They're a riot to play with.
Further down in the same thread, there was a discussion of a whole clan of Gnomes called "Nackles" that have a blast being ridiculous together.
With my boyfriend, I am currently playing a Sylvan Sorcerer (with tiger companion) and he's playing my spouse the Reach Cleric. We bring some good combat capability, healing, and a variety of divine and arcane spellcasting to any table we play in. That and we totally play up our Keleshite heritage, complete with hokey arabic accents. I've been having lots of fun with Zahra and Omar.
One idea that I've been noodling around is recreating the Blues Brothers with a pair of half-orcs doing an inquisitor + bard paired build. We haven't built them yet because we want Omar and Zahra to get a little higher before we start our next characters. But I think they'll be hilarious as they try to convince other players and NPCs to rejoin the band...
Hmm
| Renegadeshepherd |
My favorite is an ecclisitheurge cleric of Moloch and a synthesist summoner. If PFS then trade in synthesist for anything that has 3 or more attacks on their own (tiefling is favorite).

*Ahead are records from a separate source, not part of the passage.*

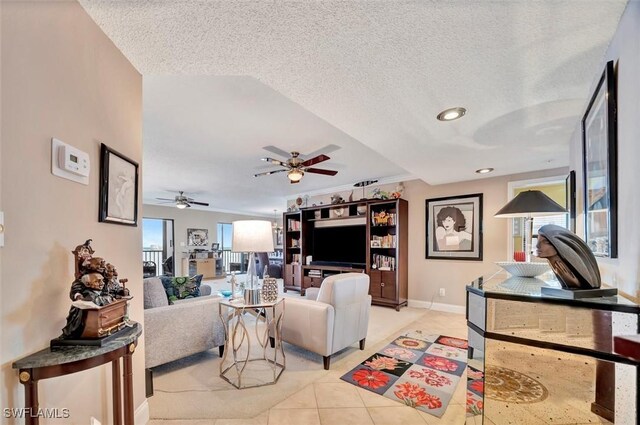 tiled living room with ceiling fan, a textured ceiling, and a healthy amount of sunlight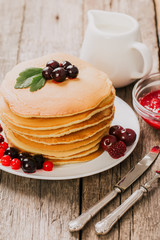 delicious pancakes on a wooden table with nuts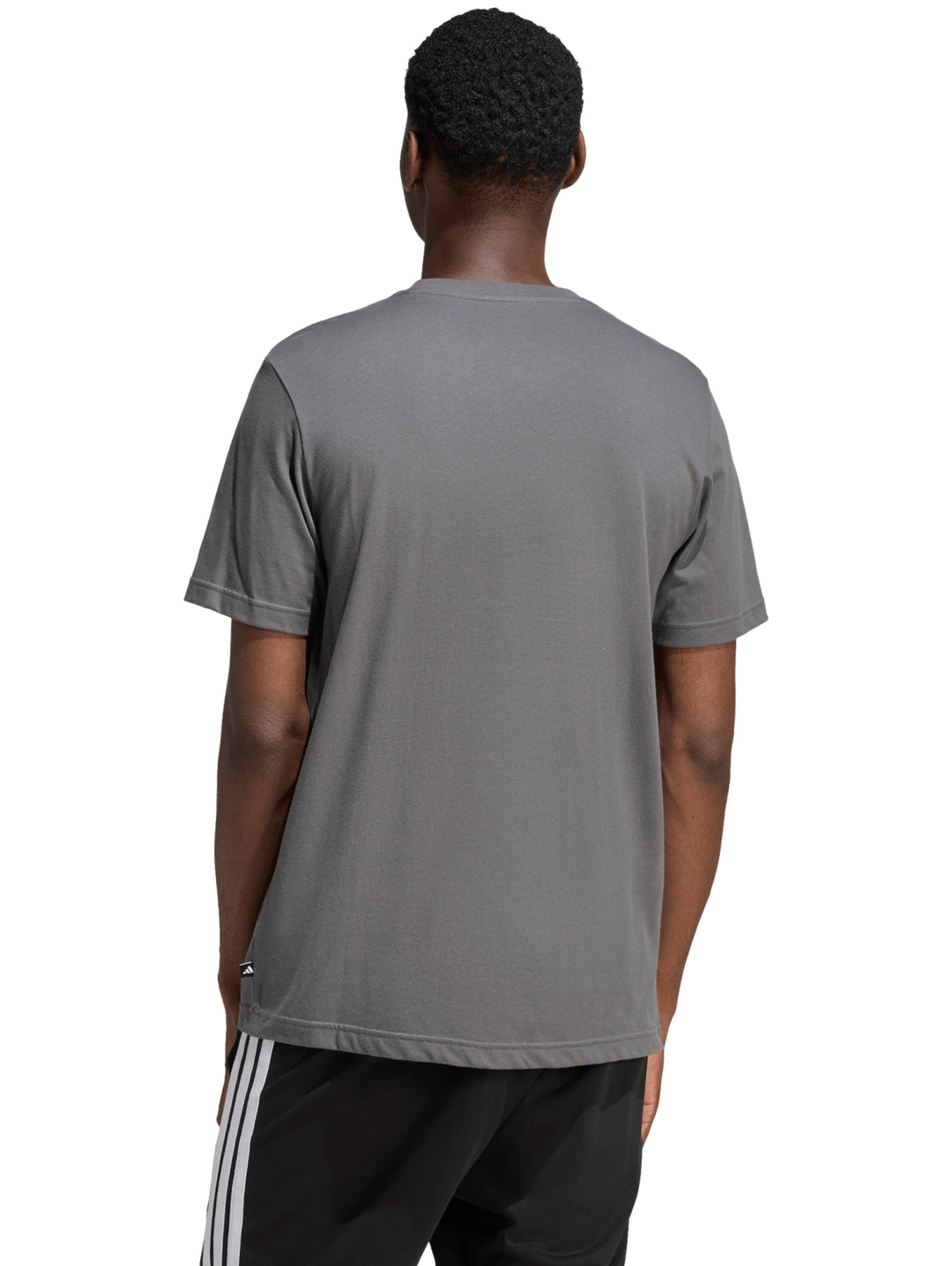 Hombre vistiendo playera Adidas color gris con logotipo gráfico camuflaje en el pecho.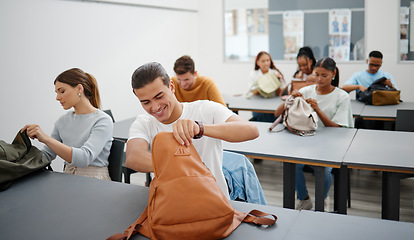 Image showing University students in a classroom, learning education at college in a diversity rich environment. Young men and women are excited to study and learn as they search for stationary in backpack.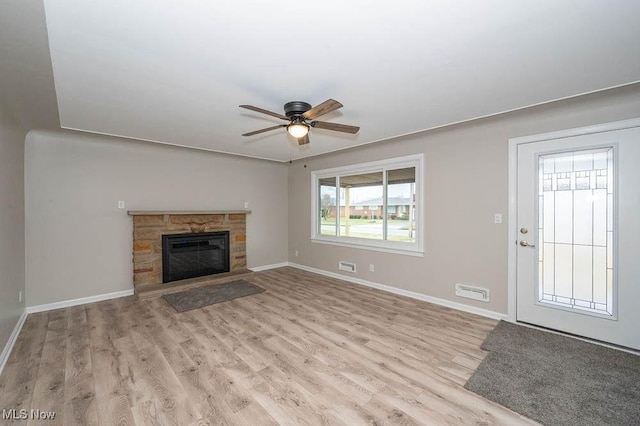 unfurnished living room featuring wood finished floors, baseboards, and ceiling fan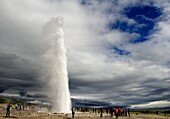 Strokkur at full height, the powerful geyser that erupts every 10 minutes, beside the now-inactive Geysir, southeast Iceland, Iceland, Polar Regions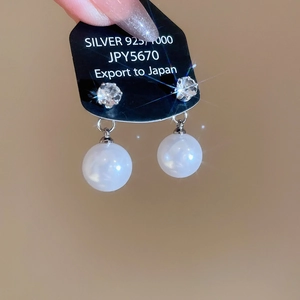 Detail of pearl drop earrings with cubic zirconia and 925 silver studs on black card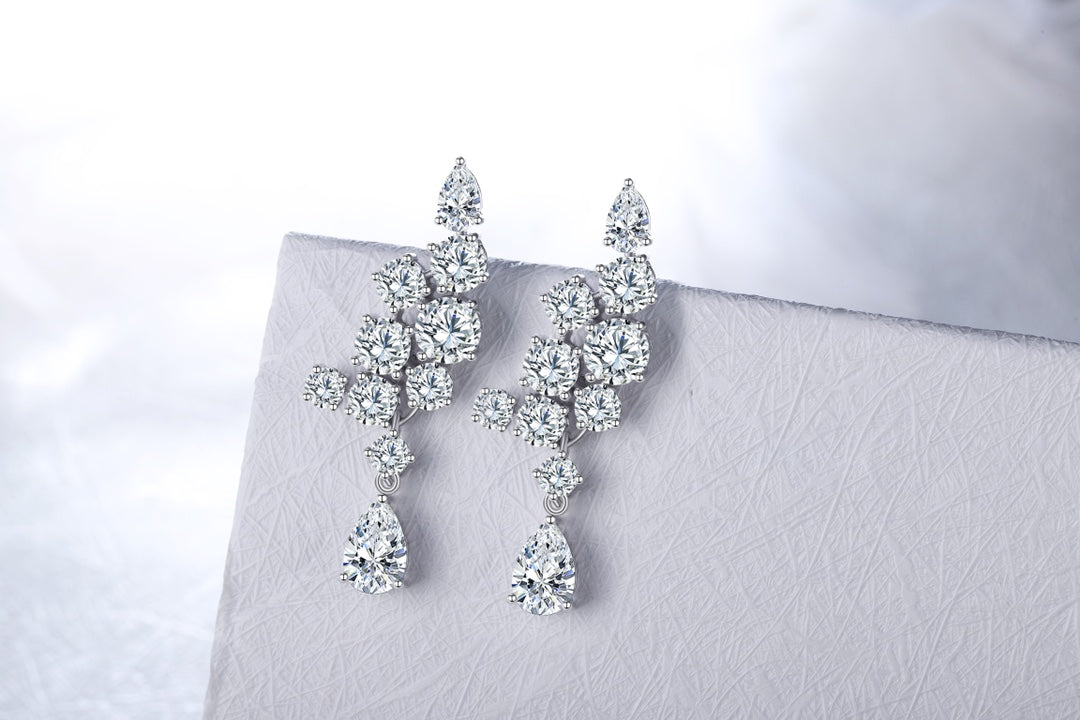 S925 silver studs, practical clasp, clear lab - grown gems, teardrop and round shapes, alluring.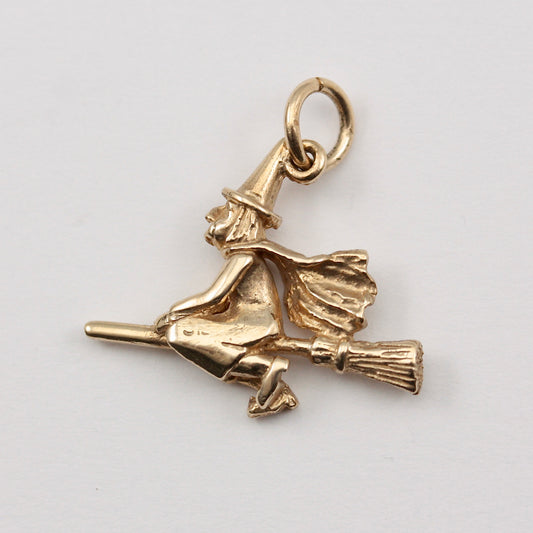 pre-owned 9ct gold witch on broom charm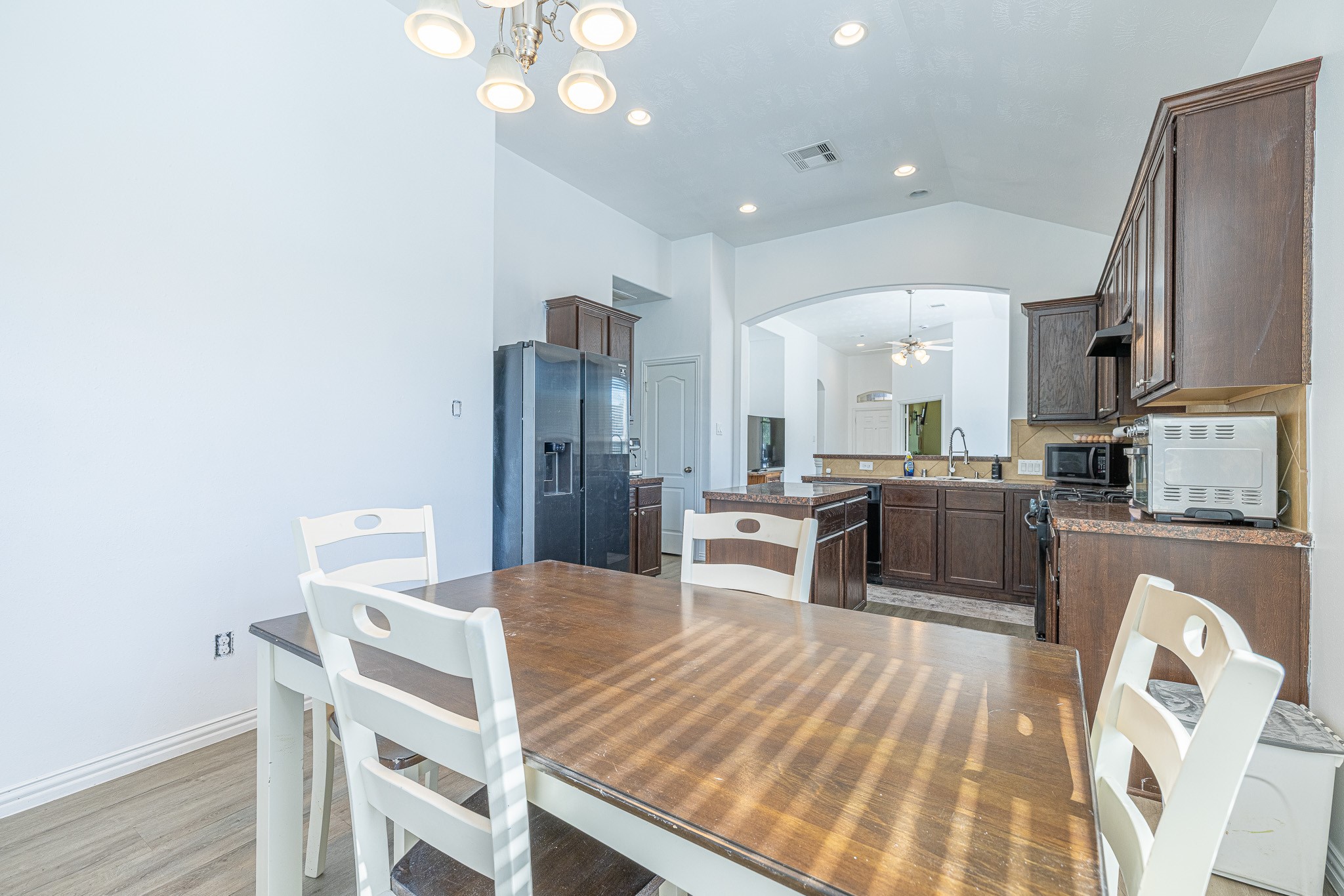 3818 Hunters Trail Baytown, TX 77521 - Photo 14 of 32 a kitchen with stainless steel appliances kitchen island granite countertop a refrigerator a stove a sink dishwasher with a dining table and chairs with wooden floor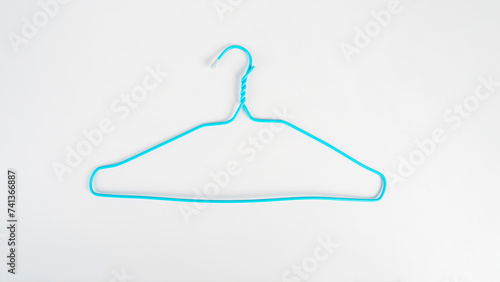 Plastic clothes hanger isolated on white background 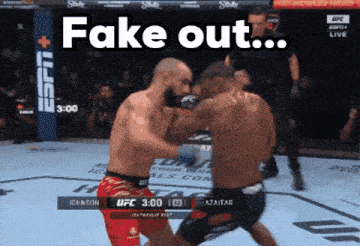 two men fighting in a boxing ring with the words fake out
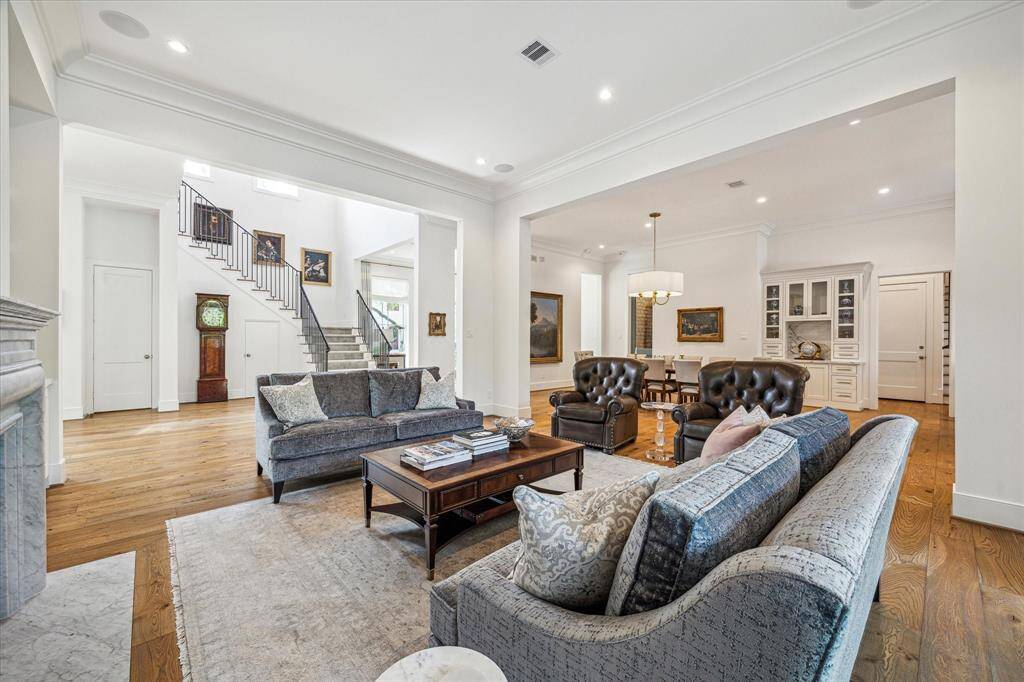 Central to the home, the family room seamlessly connects to the breakfast room and kitchen, with easy access to the front stairway.  The powder room is located through the door to the left of the stairway.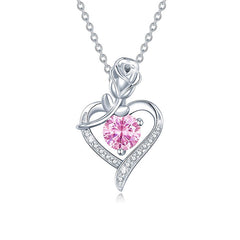 Silver necklace with a pink gemstone heart pendant on a white background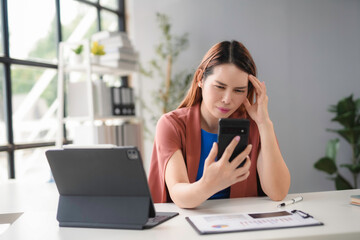 Young manager is having a headache while looking at her smartphone. She is sitting at her desk with a laptop and documents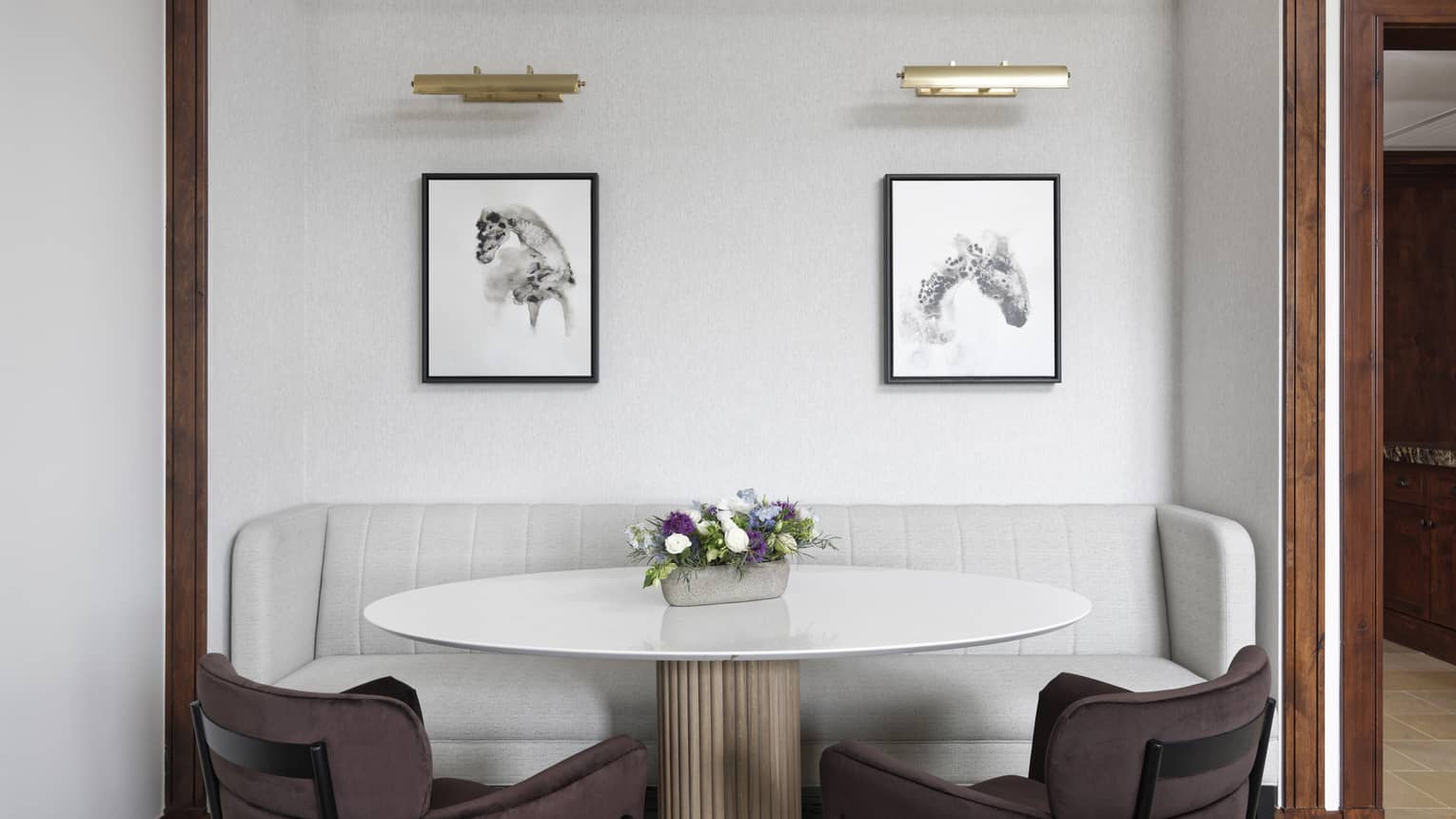 White round table with two chairs and sofa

Tactics:The main tactic prior to level 5 is to use tactics inquisition to touch the synthesist to haste him unless the cone effect of burning hands is needed. After level 5 we are throwing fireballs at range while synthesist keeps hammering. By level 8 the whole group has big initiative gain and fireballs are flying left and right and the synthesist has enough good summons and control spells that the pair is in complete control.
#2: cleric of Shelyn and cleric of Zon-Kuthon. Not optimal but certainly good roleplay. There are enough strong mechanics here for them to be very effective.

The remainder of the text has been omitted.